INSERT INTO actual_inventory VALUES ('UC-001', 'USB-C Hub', 200);

SELECT COALESCE(e.sku, a.sku) AS sku,
       COALESCE(e.name, a.name) AS product,
       e.expected_stock,
       a.actual_stock,
       CASE
           WHEN e.sku IS NULL THEN 'In inventory but not expected'
           WHEN a.sku IS NULL THEN 'Expected but not in inventory'
           WHEN e.expected_stock = a.actual_stock THEN 'Match'
           ELSE 'Stock mismatch'
       END AS status
FROM expected_products e
FULL OUTER JOIN actual_inventory a ON e.sku = a.sku
ORDER BY sku;

Output:

sku	product	expected_stock	actual_stock	status
HP-001	Headphones Pro	40	NULL	Expected but not in inventory
MK-001	Mechanical Keyboard	75	75	Match
UC-001	USB-C Hub	NULL	200	In inventory but not expected
WM-001	Wireless Mouse	150	148	Stock mismatch

This immediately shows four types of situations: matches, mismatches, items missing from inventory, and unexpected items in inventory.
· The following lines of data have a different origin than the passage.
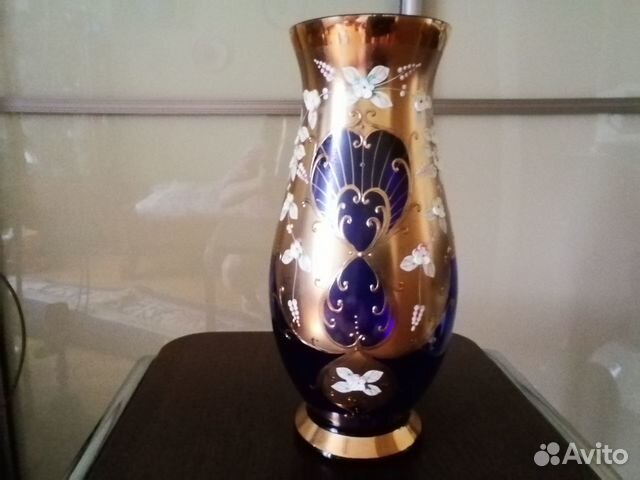 Ваза Богемское стекло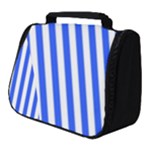 Blue Stripes, Sticker, Stickers Full Print Travel Pouch (Small)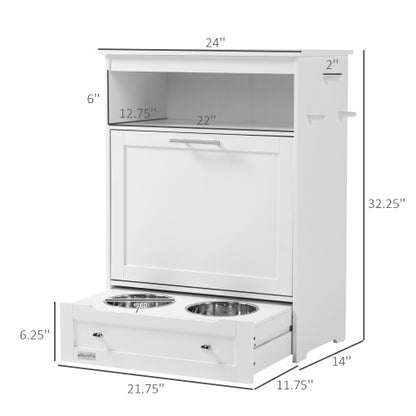 Luxury Pet Feeder Station Locker (white) | Masion De Paw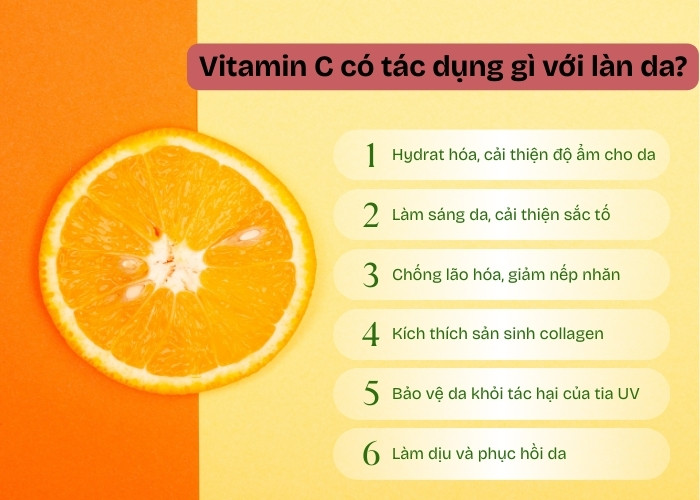 Vitamin C có tác dụng gì với làn da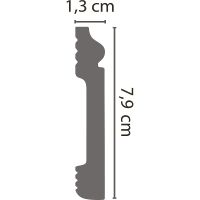Плинтус Decomaster 2400x79x13 мм арт-D005-115 — фото 4, Плинтуса напольные
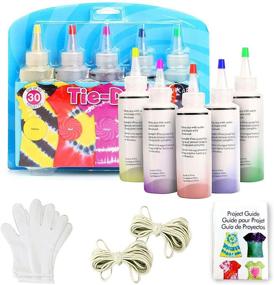 img 4 attached to 🎨 5-Color Tie Dye Kits for Kids and Adults - Souarts DIY Fabric Dye Set with Rubber Bands, Gloves, and Table Covers - Perfect Birthday Gift for Tie Dye Art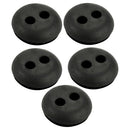 5-Pack 2-Hole 19mm 3/4-inch Tank Hole Rubber Grommet for I.D x O.D 3mm x5mm (Approx 1/8 x 3/16) Fuel Lines fit Generator Lawn Mower Pressure Washer-4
No other join type can reveal all four in a single query.

Finding Orphaned Records

When data integrity might be compromised (perhaps foreign keys were not enforced or data was imported from external sources):

-- Find products without categories AND categories without products
SELECT COALESCE(cat.name, '[No Category]') AS category,
       COALESCE(p.name, '[No Product]') AS product,
       CASE
           WHEN cat.id IS NULL THEN 'Product missing category'
           WHEN p.id IS NULL THEN 'Empty category'
           ELSE 'OK'
       END AS status
FROM categories cat
FULL OUTER JOIN products p ON cat.id = p.category_id
ORDER BY category, product;

Output:

category	product	status
Books	Data Science Handbook	OK
Books	SQL for Beginners	OK
Electronics	Bluetooth Speaker	OK
Electronics	Mechanical Keyboard	OK
Electronics	USB-C Hub	OK
Electronics	Wireless Mouse	OK
Home & Kitchen	Coffee Maker Pro	OK
Sports	Running Shoes X1	OK
Sports	Stainless Water Bottle	OK
Sports	Yoga Mat Premium	OK
Toys	[No Product]	Empty category

The Toys category has no products. In a well-maintained database, this might be intentional. In a data migration scenario, it might indicate missing data.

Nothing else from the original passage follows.